On questions about other activities, Kirby said health and transport fall under citizen services, but Serco is not actively deploying growth capital into what he described as “lower margin” areas. He said the company intends to retain and rebid existing transport contracts.
Capital allocation: dividend increase and new £75 million buyback
Serco recommended a full-year dividend of 4.5p per share, an 8% increase from the prior year. The company completed a £50 million share buyback in the second half of 2025 and announced a further £75 million buyback to be executed in the first half of 2026. Crossley said that including the new program, Serco will have returned around £650 million to shareholders through buybacks and dividends since 2021.
Crossley also emphasized the company’s focus on receivables discipline, saying Serco has reduced days sales outstanding by 20 days over five years, equating to around £250 million of working capital improvement over that period, while noting opportunities for further gains are now limited.

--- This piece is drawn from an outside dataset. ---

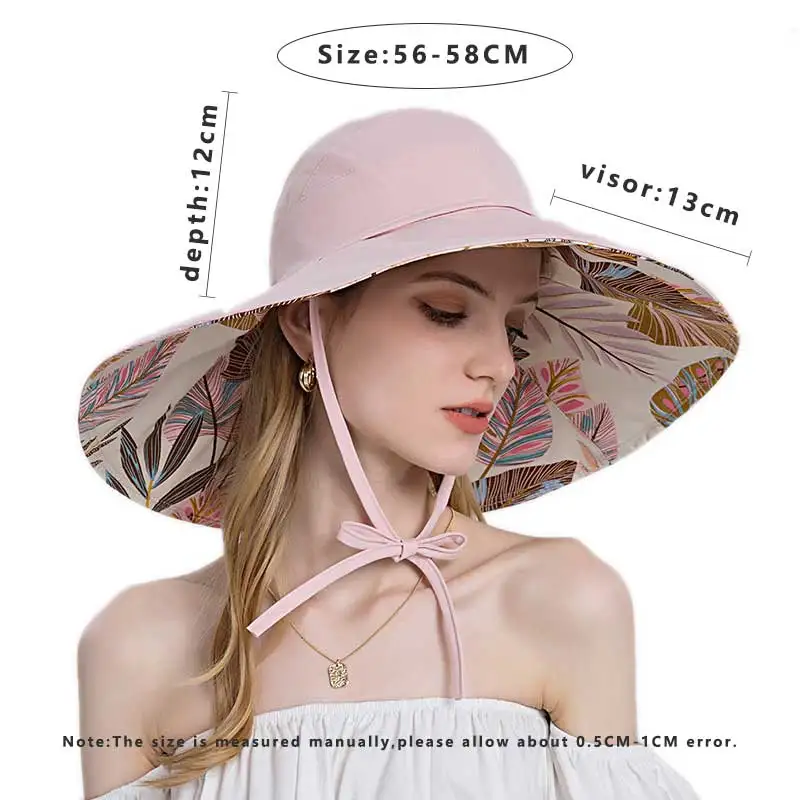 Women\'s Visor Hat Two-sided Fisherman Hat Cotton Foldable Basin Hat Oversized Brim Bucket Hat Summer Sun Cap Empty Top Hat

2026 outlook: revenue around £5.0 billion and operating profit around £300 million
For 2026, Serco’s guidance was described as largely unchanged from its pre-close statement. The company expects:
- Revenue of around £5.0 billion, implying 3% organic growth
- Underlying operating profit of around £300 million, more than 10% higher year over year, with margin around 6%
- Net finance costs of around £52 million, reflecting interest on debt used to fund MT&S and the cost of the new buyback
- Free cash flow of around £160 million
- Adjusted net debt expected to end 2026 at £165 million
Management said revenue growth will be supported by a full-year contribution from MT&S and contract ramp-ups, offset by expected reductions in immigration activity in both the U.K. and Australia, which Serco expects to represent around a 3% organic headwind.
In closing remarks during Q&A, Kirby said elevated geopolitical instability is likely to drive increased defense spending and greater spending on migration-related services, which he characterized as a net positive for Serco’s core markets.